In re TikTok: Fifth Circuit Implicitly Backs Federal Circuit’s Use of Mandamus to Transfer Cases Out of W.D.Tex.

by Dennis Crouch

The 5th Circuit Court of Appeals recently decided an important convenient venue case.  Granting TikTok’s mandamus petition to have its trade secret case transferred from W.D.Tex to N.D.Cal.  The decision does not really break ground in the venue/mandamus debate, but does solidify the Federal Circuit’s parallel approach in patent cases out of the same district.  In re TikTok Incorporated, — F.4th —-, 2023 WL 7147263 (5th Cir. 2023).  Decision.

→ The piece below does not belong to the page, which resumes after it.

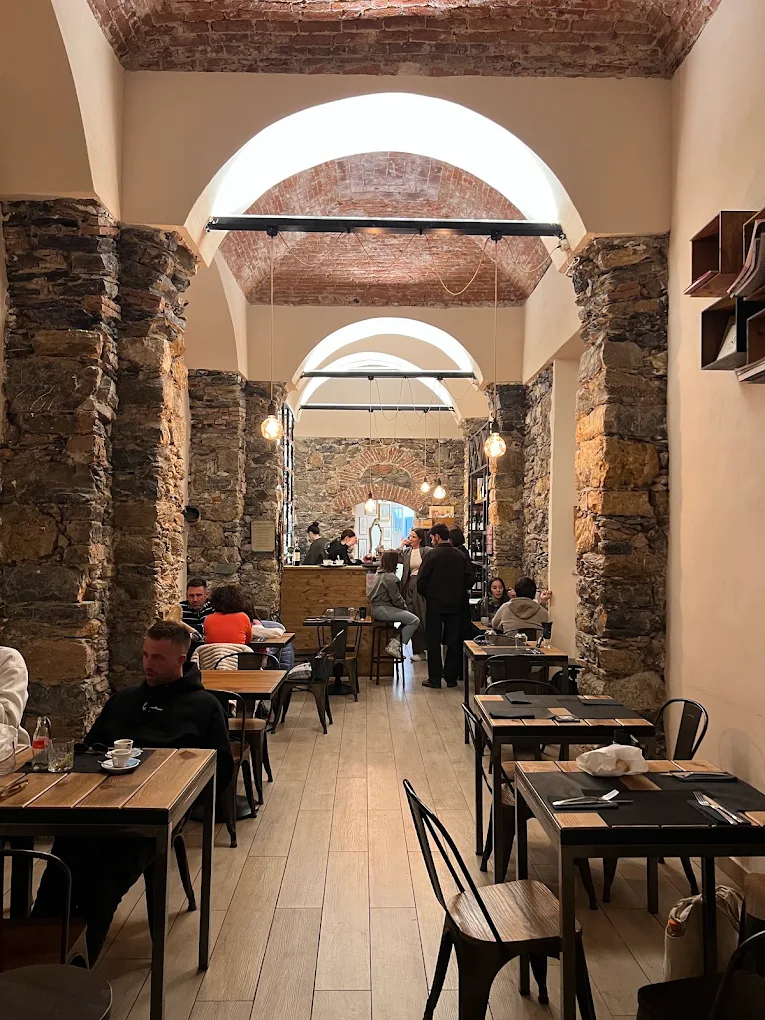 Interno di Fara Bistrot con archi in mattoni e pareti in pietra a vista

A Chinese company – Beijing Meishe Network Tech.Co. (“Meishe”) – sued TikTok for infringing its copyrights and misappropriating traded secrets associated with AV editing software.  Although both companies are Chinese in origin, the plaintiffs sued in Judge Albright’s Waco Texas courtroom.  Judge Albright is seen as tech-plaintiff friendly and so likely was the key driver for the filing location. Still, TikTok has numerous employees within the district, including 300 in the Waco area.  Further, most of the actions associated with the underlying claims took place in China — and so the plaintiffs argued that there was no particular US court that would be clearly better.   The reality though is that TikTok has most of its US employees in California.

Judge Albright denied TikTok’s motion to transfer venue and TikTok then petitioned the 5th Circuit for a writ of mandamus who has now granted the motion and ordered the case transferred to N.D. Cal.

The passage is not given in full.